MATERIAL FOR THIS EXERCISE:
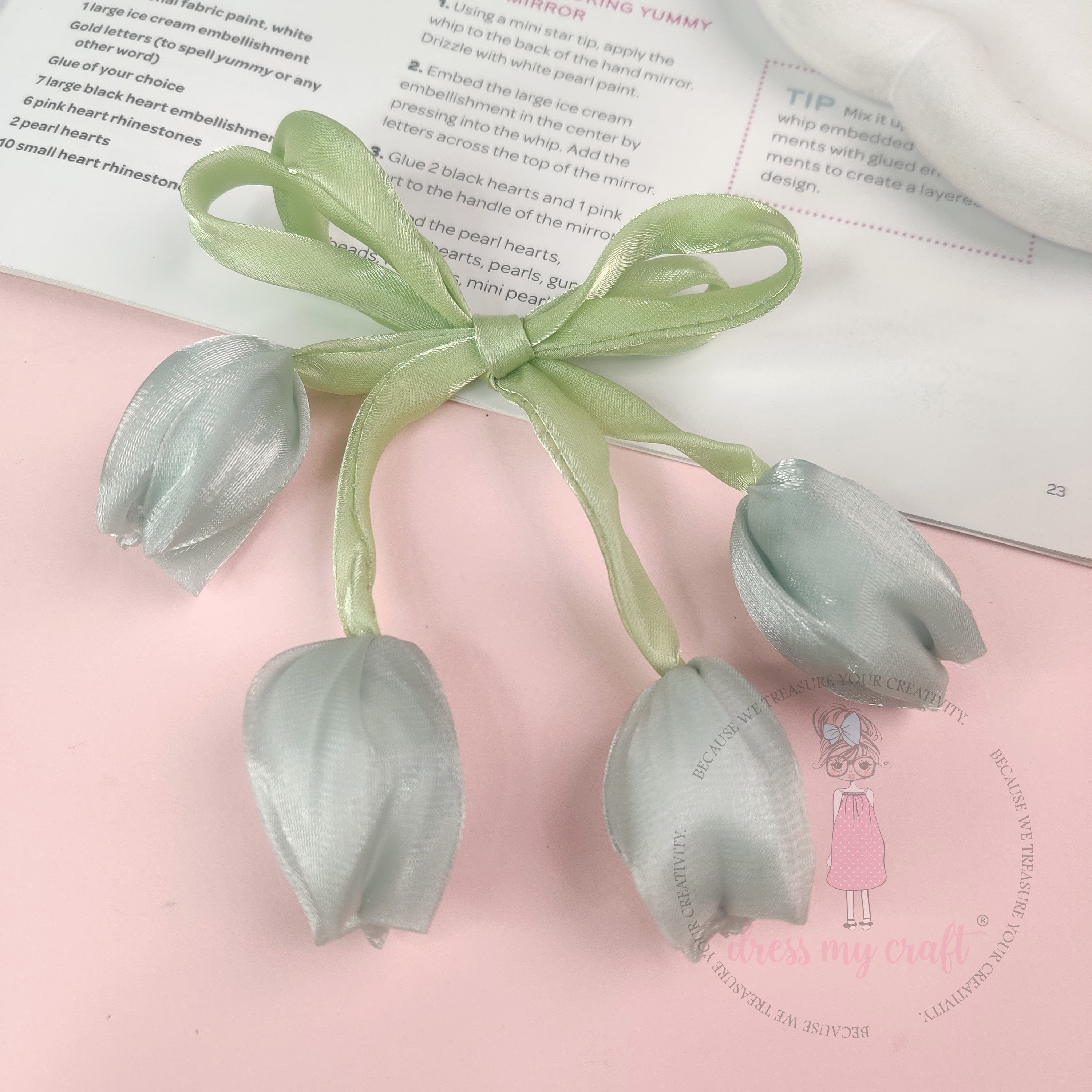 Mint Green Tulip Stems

==

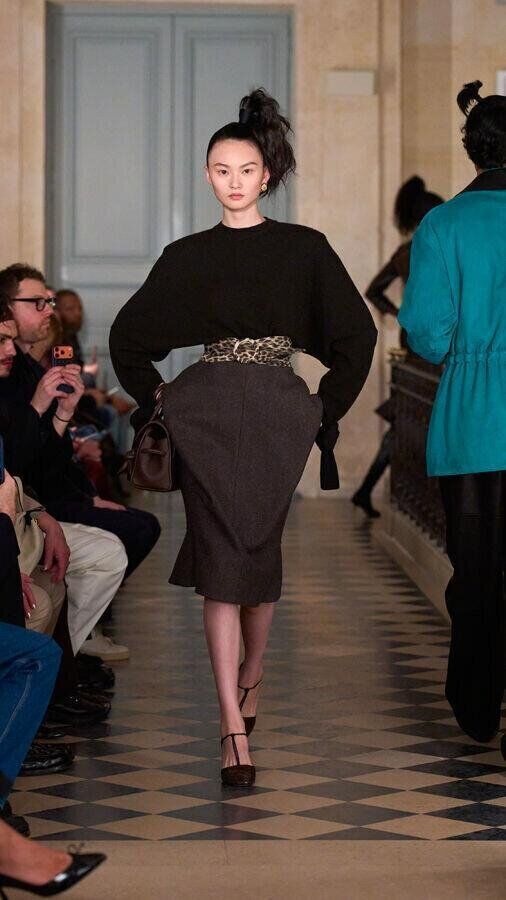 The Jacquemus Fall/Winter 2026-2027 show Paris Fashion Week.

==

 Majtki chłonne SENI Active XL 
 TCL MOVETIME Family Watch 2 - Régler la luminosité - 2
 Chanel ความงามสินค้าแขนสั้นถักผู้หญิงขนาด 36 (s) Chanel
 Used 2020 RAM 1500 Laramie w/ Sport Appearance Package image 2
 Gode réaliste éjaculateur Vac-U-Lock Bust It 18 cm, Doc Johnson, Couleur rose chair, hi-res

AIM OF THE EXERCISE: Retype only the stretch of lines above starting at the one with "Chanel ความงามสินค้าแขนสั้นถักผู้หญิงขนาด 36" and stopping at the one with "Gode réaliste éjaculateur", exactly as written, with both kept.

TASK ANSWER:
 Chanel ความงามสินค้าแขนสั้นถักผู้หญิงขนาด 36 (s) Chanel
 Used 2020 RAM 1500 Laramie w/ Sport Appearance Package image 2
 Gode réaliste éjaculateur Vac-U-Lock Bust It 18 cm, Doc Johnson, Couleur rose chair, hi-res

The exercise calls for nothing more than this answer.